I was visiting friends and family last week in Costa Rica. Even though there is a growing software industry in there, my non-technical childhood friends only know that I work in “something related to computers” and for them that means I do everything from installing printers to writing the software for the space shuttle program. One of my biggest entertainment activities was to explain that there is a discipline called Quality Assurance, and that we work side by side with the development teams making sure the released products meet the desired levels of internal and external quality.
During a dinner conversation the father of a close friend asked me a simple question: How come there are bugs in software? From his point of view, if there are teams in charge of testing then there is no reason for the products to have defects. (Was he insinuating something about our job performance…?)
The answer to his question is economic in nature, and one of the biggest complaints of QA teams worldwide: “there are never enough time and/or resources to test the entire product”. Simply put, Organizations know that it is more cost-effective to release “some defects” than to test and fix all of them; especially if the company has “some control” on the number of bugs that will be discovered and the areas where they may appear.
This practice is not some sort of QA-Religious Sacrilege. It is the conscious practice of controlling and managing the number of Escaping Defects of the released application and using this measurement to grade and manage the quality of the product and of the development and testing processes.
Escaping Defects (ED) are all the bugs detected (and reported) by customers, regardless if they were also found as part of the testing process. The Escaping Defects Rate (EDR) is calculated by dividing them by the total number of bugs found in the product (both detected and escaping)

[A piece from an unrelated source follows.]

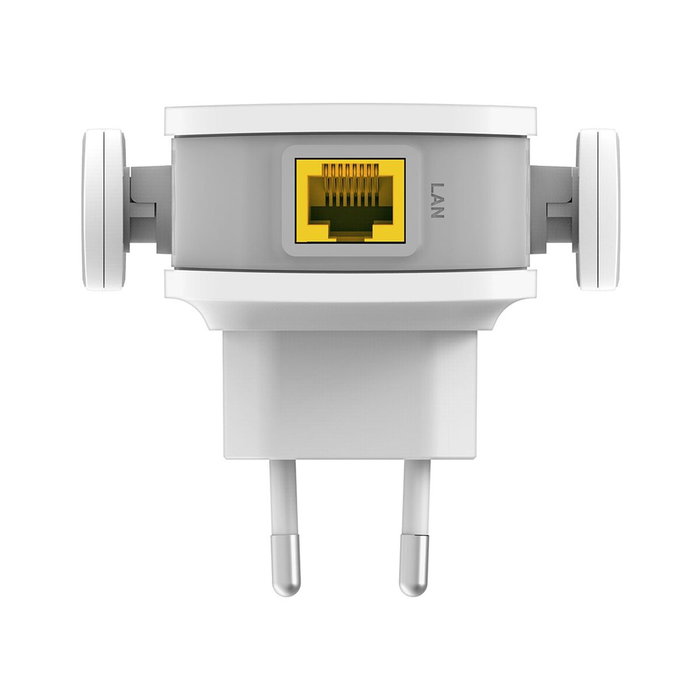 D-Link DAP-1610 Extensor de Rango Wi-Fi AC1200 Blanco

In the same way as different products require different levels of quality to be cost-effective each one should target its own acceptable EDR range. For example an Avionics System used on commercial airliners will aim to have no less than 0.001% and no more than 0.005% EDR after 36 months of been released, while an IM application aimed at high school kids will target between 1.5% and 3.0% EDR after 12 months in the market.

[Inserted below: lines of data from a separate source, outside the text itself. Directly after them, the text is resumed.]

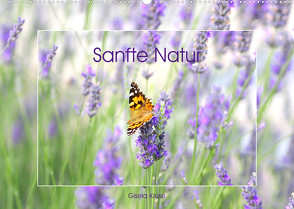 Sanfte Natur (Wandkalender 2022 DIN A2 quer) von Kruse,  Gisela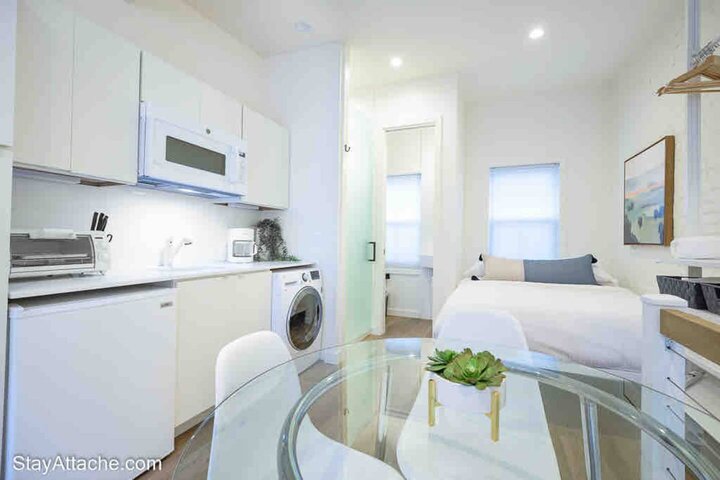 Rental unit in Washington, US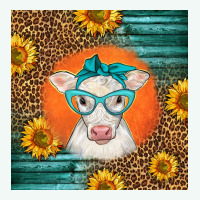 Charolais Cow Premium Hoodie | Teevron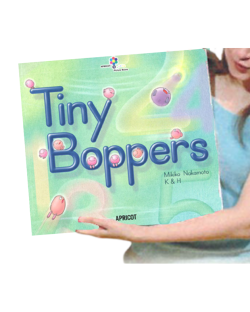 TINY BOPPERS (BIG) (君殉寛剤肝歇悵殉)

Some general rules of thumb regarding Escaping Defects:
– Enterprise Software will usually require lower EDR levels than Consumer Products
– New products and companies will be expected and allowed to have higher EDR levels than mature and established products and companies
– EDR’s behave like S-Curves over the course of time
Last but not least, since not all bugs are created equal EDR or any other defect statistic will not be able to tell the complete story about the quality of the released product and process; it is also necessary to monitor the nature of the defects been detected in the field. A defect on the main path of the product that renders an important part of the application inoperable will always have a bigger weight than a bug on a side feature. Just keep in mind that not everything resides in the numbers, justice is not always blind…
This means the job of the QA manager does not stop once the application is released. We must monitor the released product in order to evaluate and grade the quality of our product and process, providing feedback for a culture of on-going improvement.